Breizh Info : Après avoir beaucoup hésité, Macron a lâché Benalla, reconnu des faits « inacceptables », des « dysfonctionnements » et promis qu’il n’y aura « pas d’impunité » à ce sujet. Des têtes vont tomber pour protéger le président ?
UPNI : On commence à couper des têtes pour protéger le ministre… et Macron. Cette affaire compte tellement de ramifications… Benalla était souvent vu par les journalistes, il était au courant de tout l’aspect sécuritaire quand Macron a fait son interview sur BFM-TV… Certes il est maintenant licencié et en garde à vue [levée depuis] mais un policier lambda, à sa place, aurait déjà été suspendu sans salaire et cloué au pilori par la presse, là où pendant quelques semaines, des mois même on a essayé de le couvrir. Autrement dit, parce qu’on est près du président on peut s’affranchir de la loi, du code de procédure pénale… Quand il y a des violences policières avérées ou non, on n’attend pas trois mois pour prendre une décision, tout le monde en parle, le ministère nous lâche…

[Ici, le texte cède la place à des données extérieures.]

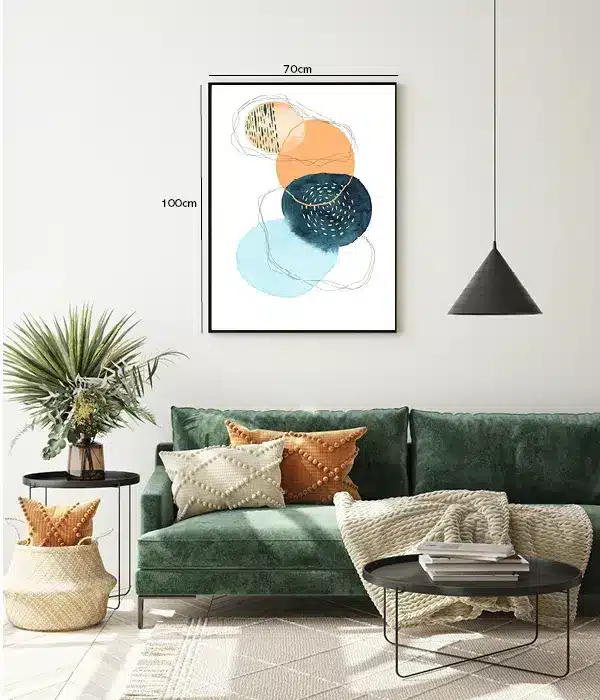 Orbiting Color Rings Plakat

Breizh Info : Mais ici on a aussi affaire à un personnage que le pouvoir a peut-être intérêt à ménager, car il sait bien des choses ?
UPNI : S’il a participé à la campagne de 2017, oui, et il a certainement été habilité secret défense, assisté à des entretiens confidentiels… Il faut espérer cependant que la justice fasse son travail.
Breizh Info : Un policier, dans sa situation, est traité comment par la justice ?
UPNI : On ne nous rate pas : c’est le maximum de la peine judiciaire car c’est dans l’exercice de ses fonctions, et après il y a la sanction administrative : viré, sans prime ni retraite, interdit d’exercer un métier lié à la sécurité pendant des années, voire à vie. La différence de traitement avec Benalla est très nette.
Breizh Info : Et avec tout ça, on ne sait toujours pas qui est vraiment Benalla…
UPNI : Il y a une enquête DGSE obligatoire, donc à l’Elysée ils le savent et le ministère de l’Intérieur aussi. C’est cependant l’Élysée qui a le dernier mot sur un recrutement ou une décision. Cela dit, quand on parle de moralisation politique, ça la fait mal. Rien n’a changé. Le nouveau monde de Macron ressemble beaucoup à l’ancien, nous à la police nationale, on a toujours les mêmes directeurs centraux, ceux qui sont responsables de la situation, qui ont laissé filer l’état du matériel et la vétusté des locaux, le manque d’effectifs, la politique du chiffre. Rien, vraiment rien n’a changé.